Tim Hardaway can see a star when he sees one. During his 14-year NBA career, Hardaway, a Hall of Fame point guard, faced several of them, including Michael Jordan.
When he watches Stephen Curry and LeBron James face off again in the NBA playoffs, just one analogy comes to mind.
“Michael Jackson and Prince,” said Hardaway. “You have to see it. That is how famous they are. They have control over the audience.”
In the Western Conference semifinals, James of the Los Angeles Lakers and Curry of the Golden State Warriors have the focus of the basketball world. It’s hardly the largest platform, as when they met in four consecutive NBA finals from 2015 to 2018, when James was in Cleveland. However, in the NBA, any stage is the most important. Together and alone, they have created a league for a generation in which individual players can influence a club’s destiny and change the larger culture more than stars in other team sports.
A Curry-James playoff series is the basketball equivalent of the Rolling Stones and the Beatles performing together. Like Muhammad Ali vs. Joe Frazier, but with a little more gray and a lot more mutual regard. In basketball terms, this is comparable to Magic Johnson vs. Larry Bird in the 1980s.

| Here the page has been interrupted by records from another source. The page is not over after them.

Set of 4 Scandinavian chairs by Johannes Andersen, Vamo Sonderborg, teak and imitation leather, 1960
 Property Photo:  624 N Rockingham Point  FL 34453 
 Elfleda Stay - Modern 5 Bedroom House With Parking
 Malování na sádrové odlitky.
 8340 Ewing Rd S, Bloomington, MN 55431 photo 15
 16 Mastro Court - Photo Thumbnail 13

But this year’s contest is particularly important. James, 38, and Curry, 35, are reaching the conclusion of careers that have transformed basketball, with no apparent successors to carry on the legacy. Curry’s mastery of the three-point shot ushered in a new age of long-distance shooting as the key offensive assault at all levels of basketball. James, a muscular 6-foot-9 and 250-pounder, has been physically hard to replicate, but he transformed the way basketball players saw their own potential to bend teams to their will and build political and social capital for themselves off the court.
This year’s playoff game may be the final time spectators watch two basketball players of this caliber compete against one other in the playoffs, which may explain why ticket prices for a non-championship series are shattering records.
“What is it going to be like when those two guys — obviously two of the biggest names in the league, if not the biggest — are gone?” Stephen Curry’s father, Dell Curry, is a former NBA player. “I think the league is very healthy as far as star power, but who takes the lead in that role?”